En este siglo algunos de estos mecanismos son algo más sutiles. En España tenemos un claro ejemplo de ello en las hipotecas de por vida. Y es que si en la Edad Media existían los siervos de la gleba ahora lo que se estila son los siervos de la banca. Las clases no detentadoras de poder (las masas, podríamos llamarlas) han pasado de estar adscritas a una tierra de la que dependía su sustento a estar adscritas a una hipoteca de la que depende su bienestar material. ¿Es este tipo de deuda un tipo de control social? Puede parecer exagerada esta definición pero el hipotecado a largo plazo, al igual que el campesino medieval o el esclavo en la edad antigua, ha dejado de ser libre y su vida queda supeditada a algo ajeno a sí mismo. No hablamos ya de que un pseudopropietario como el hipotecado de por vida, debido a su situación, tienda ideológicamente de manera inexorable hacia el polo conservador (es dudoso que alguien con el agua al cuello se torne en exceso levantisco con el poder) sino que esta situación afecta a los aspectos más personales de su vida cotidiana: ¿es libre para protestar en el trabajo? ¿y para despedirse y buscar otra cosa mejor? ¿y para cambiar de ciudad? ¿se atreverá a divorciarse? ¿tendrá todos los hijos que desee?
La verdad es que la cuestión de las hipotecas ad eternum está dando y dará que hablar por constituir el gran problema de esa generación que ahora mismo se encuentra en torno a la treintena. Gente que para poder emanciparse ha tenido que endeudarse hasta el límite, despojándose de una gran parte de lo que ganará en su vida para repartirlo, casi a partes iguales, entre el pequeño o gran especulador de turno y el banco o caja que ha tenido la crueldad (y el buen ojo para sus intereses) de atarle a su entidad para siempre. Personas que arrastrarán durante toda su vida una deuda que les impedirá actuar con la poca libertad que nos permite nuestro sistema actual; y que sin duda se verán frustradas al no estar a su alcance muchos de los bienes materiales que, como miembros activos de esta sociedad consumista, sin duda ansiarán. Estos actuales jóvenes hipotecados a tipo variable verán subir su deuda a una velocidad mayor que sus sueldos y se verán privados de esas vacaciones que tanto ansían, de la tranquilidad de tener un seguro a todo riesgo para el coche o de simplemente salir de cena o tomar una copa con los amigos.

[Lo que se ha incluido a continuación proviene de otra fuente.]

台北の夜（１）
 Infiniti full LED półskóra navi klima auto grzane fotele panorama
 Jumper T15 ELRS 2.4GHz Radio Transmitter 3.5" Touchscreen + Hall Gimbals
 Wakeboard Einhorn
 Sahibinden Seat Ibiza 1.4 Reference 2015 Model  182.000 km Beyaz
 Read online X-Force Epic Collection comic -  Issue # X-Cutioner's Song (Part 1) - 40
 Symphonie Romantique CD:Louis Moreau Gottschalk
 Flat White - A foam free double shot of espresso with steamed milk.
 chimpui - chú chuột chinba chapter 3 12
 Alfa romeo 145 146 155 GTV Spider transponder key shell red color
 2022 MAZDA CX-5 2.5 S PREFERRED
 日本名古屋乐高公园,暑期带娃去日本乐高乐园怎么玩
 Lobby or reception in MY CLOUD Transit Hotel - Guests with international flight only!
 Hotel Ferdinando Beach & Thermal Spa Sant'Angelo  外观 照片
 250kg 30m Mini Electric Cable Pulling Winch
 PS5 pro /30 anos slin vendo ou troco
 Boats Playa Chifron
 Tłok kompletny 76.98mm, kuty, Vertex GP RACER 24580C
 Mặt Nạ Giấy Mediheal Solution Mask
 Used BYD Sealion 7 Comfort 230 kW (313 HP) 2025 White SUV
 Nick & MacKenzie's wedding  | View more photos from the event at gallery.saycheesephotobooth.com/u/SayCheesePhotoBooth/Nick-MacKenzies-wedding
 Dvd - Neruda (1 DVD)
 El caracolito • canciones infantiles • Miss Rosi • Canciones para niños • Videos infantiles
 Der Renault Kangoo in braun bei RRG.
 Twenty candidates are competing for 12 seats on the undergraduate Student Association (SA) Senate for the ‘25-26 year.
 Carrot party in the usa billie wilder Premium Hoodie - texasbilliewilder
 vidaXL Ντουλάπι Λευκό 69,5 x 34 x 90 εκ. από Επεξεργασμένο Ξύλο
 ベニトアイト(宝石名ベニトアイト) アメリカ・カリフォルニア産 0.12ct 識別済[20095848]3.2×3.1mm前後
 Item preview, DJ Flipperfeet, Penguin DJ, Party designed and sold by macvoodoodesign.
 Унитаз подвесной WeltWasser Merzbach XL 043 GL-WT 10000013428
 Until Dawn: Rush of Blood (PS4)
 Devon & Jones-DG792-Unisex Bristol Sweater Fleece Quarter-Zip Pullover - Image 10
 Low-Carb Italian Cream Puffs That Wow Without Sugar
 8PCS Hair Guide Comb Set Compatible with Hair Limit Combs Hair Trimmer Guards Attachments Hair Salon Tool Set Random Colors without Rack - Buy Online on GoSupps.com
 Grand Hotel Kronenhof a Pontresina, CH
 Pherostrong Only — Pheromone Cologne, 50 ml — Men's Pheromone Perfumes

Y no sólo eso. El nivel de endeudamiento ha crecido a tales límites que quizá no sería aventurado hablar de una nueva clase de pobres-propietarios : personas, en su mayoría jóvenes de esta generación maldita, cuyo sueldo llega sólo prácticamente para cubrir su deuda hipotecaria con el banco. Estos neopobres, con una espada de Damocles en forma de desahucio sobre su cabeza, sólo podrían “consumir” vivienda y por tanto quedarían fuera de la dinámica de nuestra sociedad comercial y de consumo. Además, dependerían no sólo del banco sino de sus familias (u otros allegados) para satisfacer ciertas necesidades muy básicas (luz, agua, comida) o no tanto (cuidado de niños, cultura, salud no cubierta por el sistema público) porque simplemente “no les llega”. Atados de por vida a un nicho de ladrillos pronto se darán cuenta de que si democracia significa “poder del pueblo” es irónico decir que nos hallamos en una. Ellos más que nadie sabrán bien quien tiene la sartén por el mango: las entidades financieras, dueños y señores de lo que, estirando hasta el límite el argumento, podríamos definir como bancocracia.
En los totalitarismos del siglo XX el Estado trataba de controlar todos los aspectos de la vida nacional, de manera que nadie era libre. No sólo para atentar de alguna manera contra el régimen sino tampoco para actuar en su vida cotidiana de una manera que desagradara a la ideología de las autoridades. Como acabamos de ver, los proyectos de vitales de los ahora jóvenes (que serán ancianos cuando salden su deuda) están supeditados a su precaria situación financiera (a lo que se une su precaria situación laboral, la otra cara de la moneda de este asunto). Es decir, su vida privada, sus sueños o su capacidad de prosperar como personas se ve atada a un totalitarismo de nuevo cuño. Porque ya no es un Estado omnipresente, un dictador caprichoso o un gobierno tirano. Ahora no son los poderes públicos quienes ejercen el control sino que son el mercado y los grupos económicos de poder los que tienen más capacidad de decisión sobre la vida de los individuos. Puede ser ésta incluso una situación peor que la anterior ya que en este nuevo totalitarismo el verdadero poder, resguardado tras el parapeto de ese Estado que parece que manda, es más difuso y por tanto más difícil de combatir.
Dificultad a la que se le añade el hecho de que nuestros gobernantes ayudan a quien de verdad detenta el poder en ejercer su control sobre la ciudadanía. Y es que entre las hipotecas de por vida, el fútbol a todas horas, los programas del corazón y la Fórmula 1 (nueva devoción inducida por las televisiones) los grandes poderes económicos, políticos y mediáticos (si es que es correcto usar el plural) están tratando de adocenar a unos ciudadanos si no potencialmente revolucionarios (sería mucho pedir en la opulenta sociedad del bienestar material) sí potencialmente reivindicadores de sus derechos más básicos. Abandonada por tanto una de las más básicas obligaciones del poder público, defender a los individuos de los abusos del mercado, quedan los Movimientos Sociales como únicos garantes de hacer la pedagogía necesaria para que poco a poco no nos quedemos por completo alienados y la gran banca se convierta en nuestro nuevo Gran Hermano. El orwelliano, por supuesto.
Rafael Leonisio. Investigador del Departamento de Ciencia Política de la Universidad del País Vasco (UPV-EHU).